## Your goal
Only the lines below from the one containing "Dignity for All" through the last line should be set down, exactly as written and with no pictures.

(Source records)
************

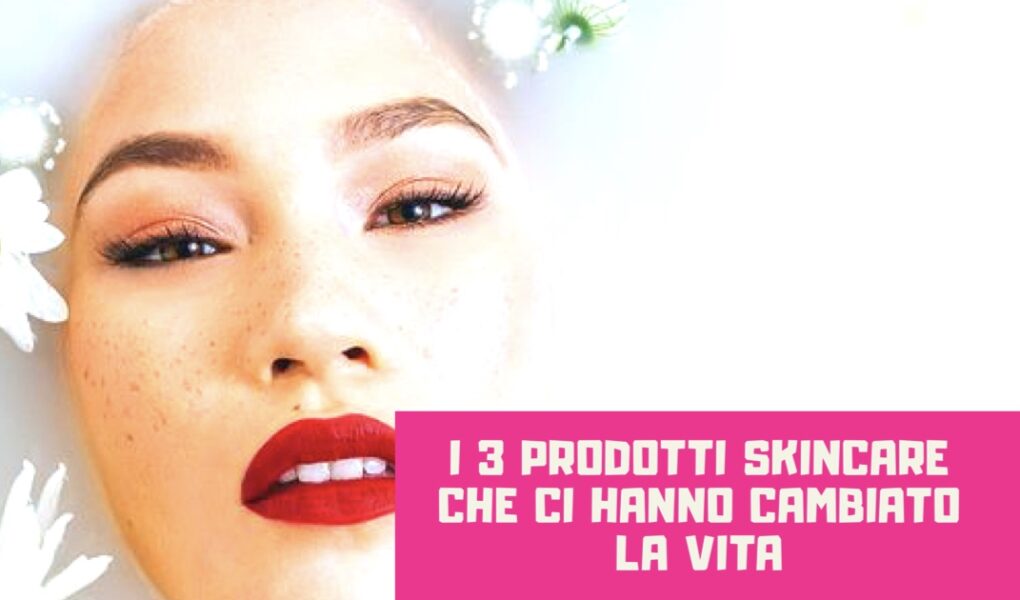 3 prodotti skin care che ci hanno cambiato la vita
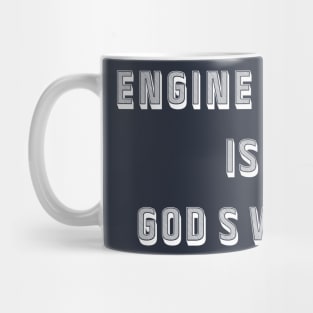 Engine work is gods work Mug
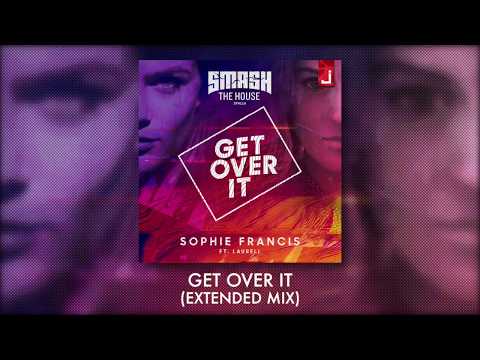 Sophie Francis - Get Over It (feat. Laurell) [Extended Mix]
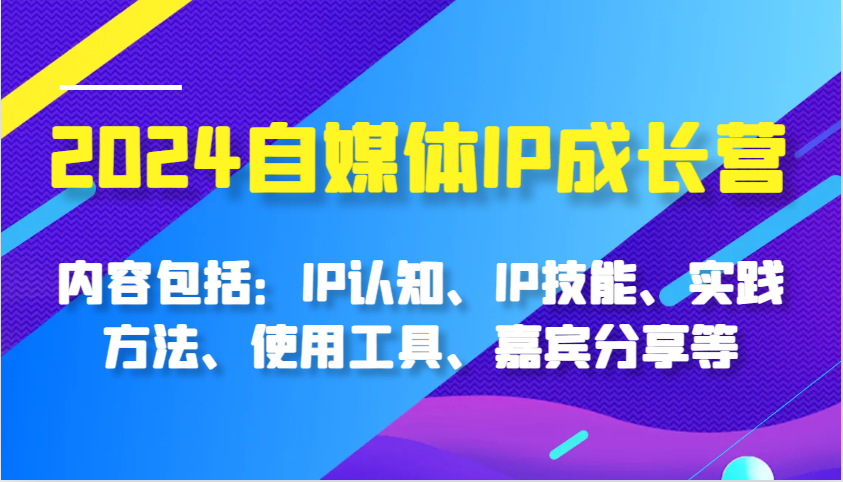 2024自媒体IP成长营，内容包括：IP认知、IP技能、实践方法、使用工具、嘉宾分享等网赚项目-副业赚钱-互联网创业-资源整合八方网创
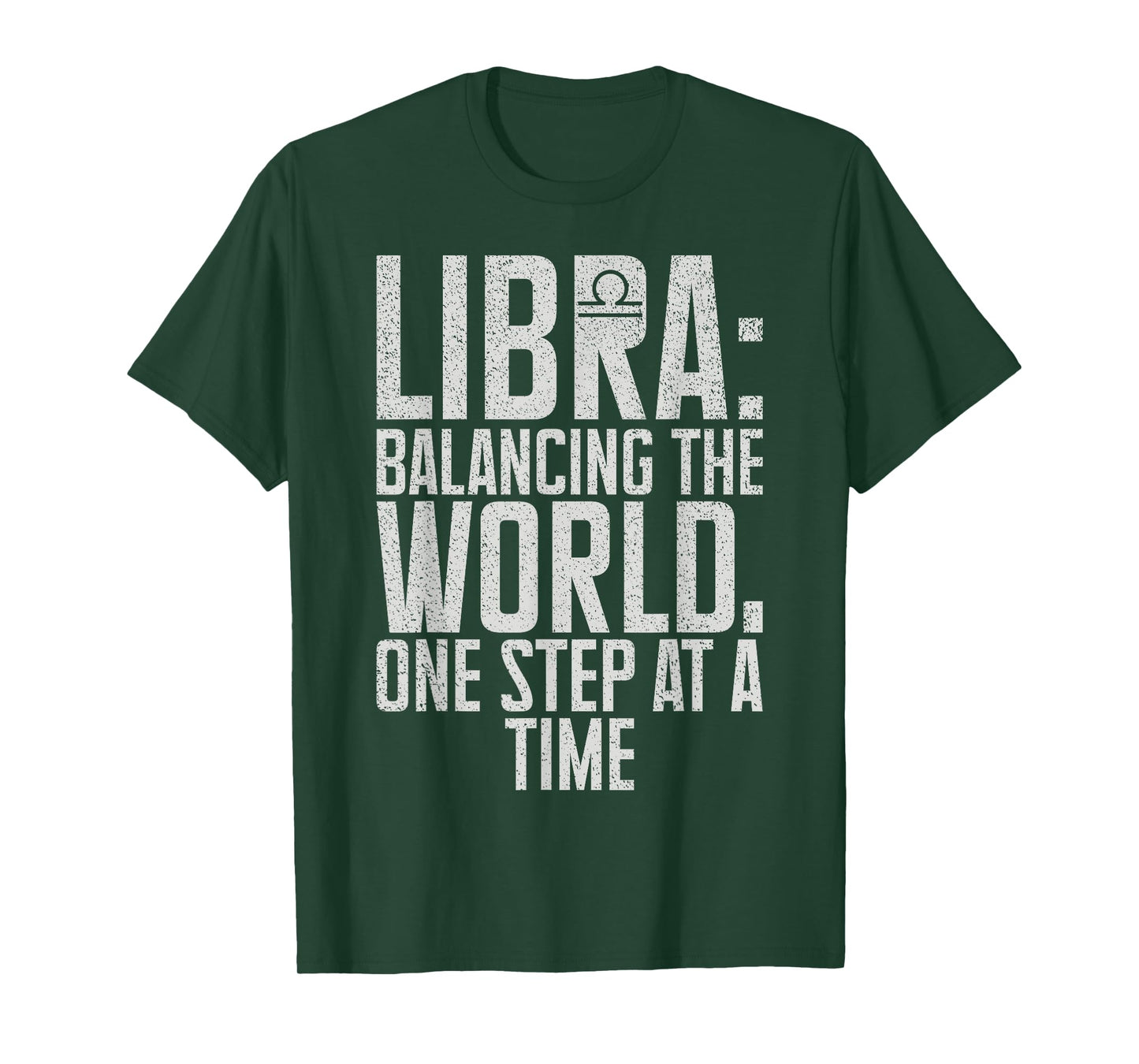 Balancing the World one Step at a Time Libra T-Shirt
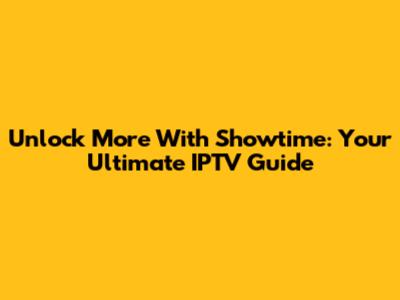 Unlock More With Showtime: Your Ultimate IPTV Guide
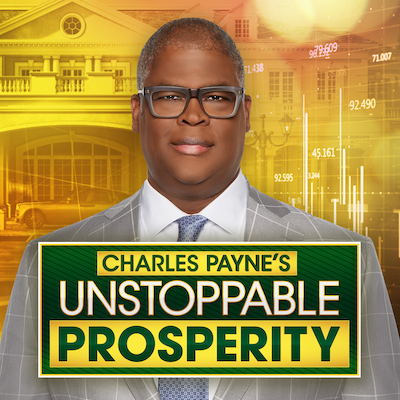  Fox News Audio Releases 4-Part ‘Charles Payne’s Unstoppable Prosperity Podcast’
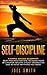 Self-Discipline: A Simple S...
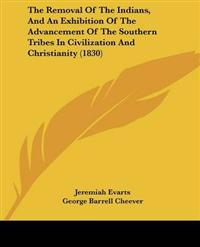 The Removal Of The Indians, And An Exhibition Of The Advancement Of The Southern Tribes In Civilization And Christianity (1830)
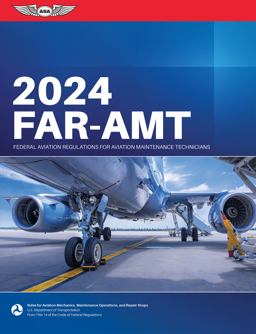 Far-Amt 2024 Federal Aviation Regulations for Aviation Maintenance Technicians  9781644252895 Front Cover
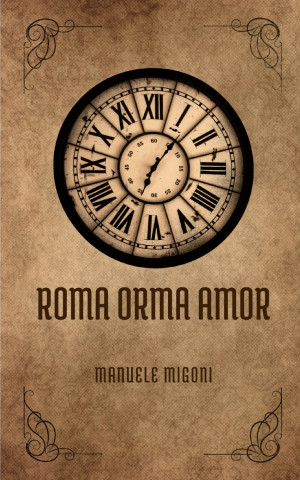 Roma Orma Amor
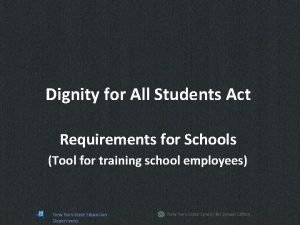 Dignity for All Students Act Requirements for Schools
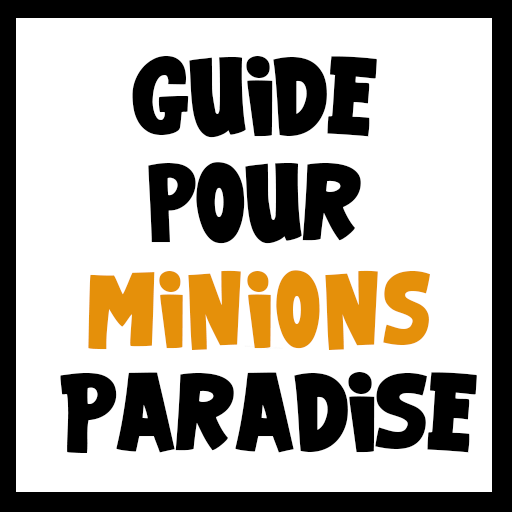 Guide Minions Paradise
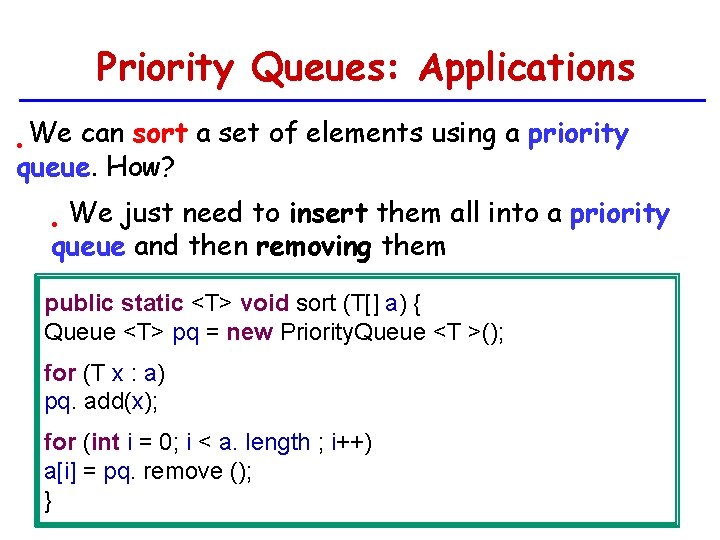 Priority Queues: Applications We can sort a set of elements using a priority queue.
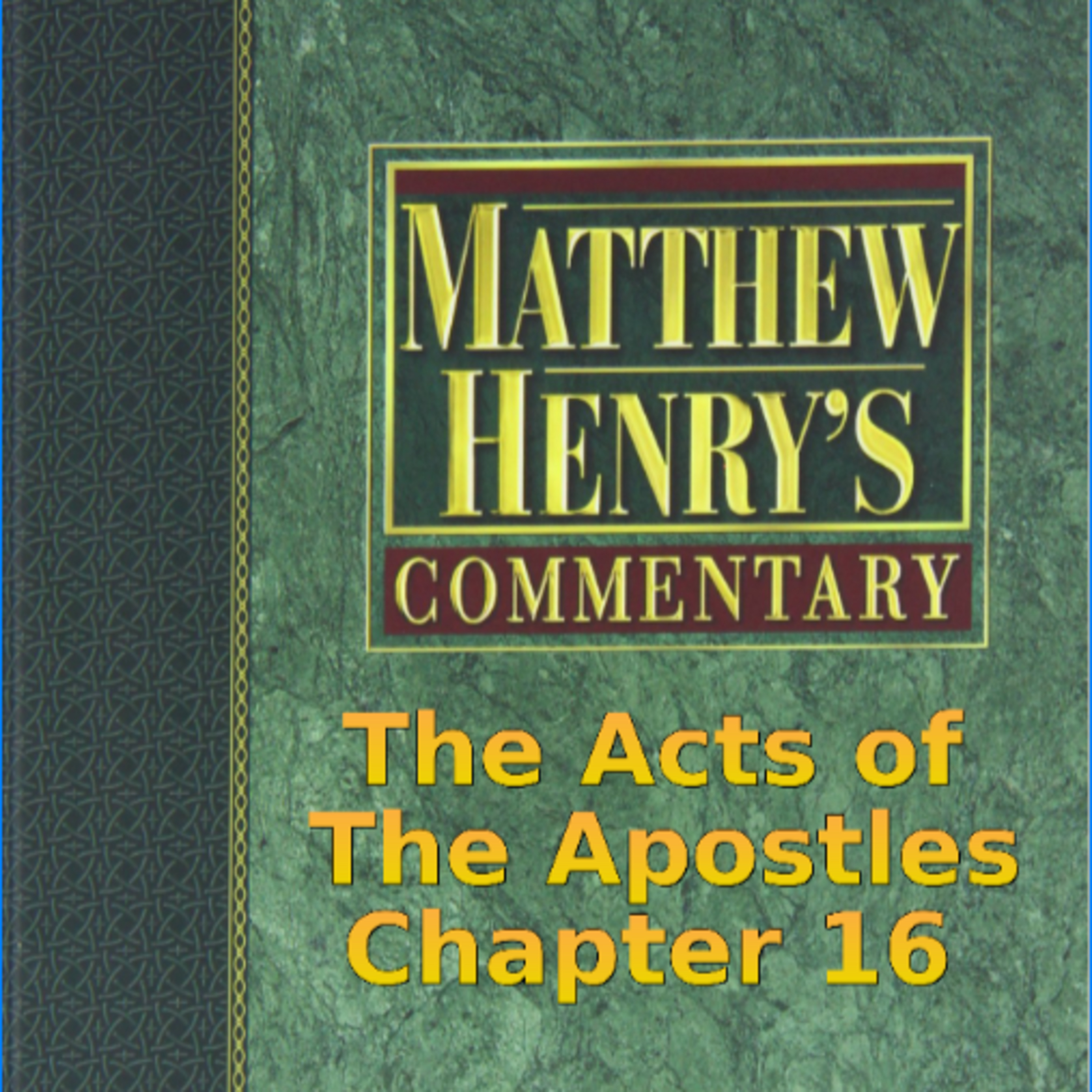 Matthew Henry's Commentary on the Whole Bible. Audio produced by Irv Risch. Acts, Chapter 16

************

## Output of the exercise
 Dignity for All Students Act Requirements for Schools
 Guide Minions Paradise
 Priority Queues: Applications We can sort a set of elements using a priority queue.
 Matthew Henry's Commentary on the Whole Bible. Audio produced by Irv Risch. Acts, Chapter 16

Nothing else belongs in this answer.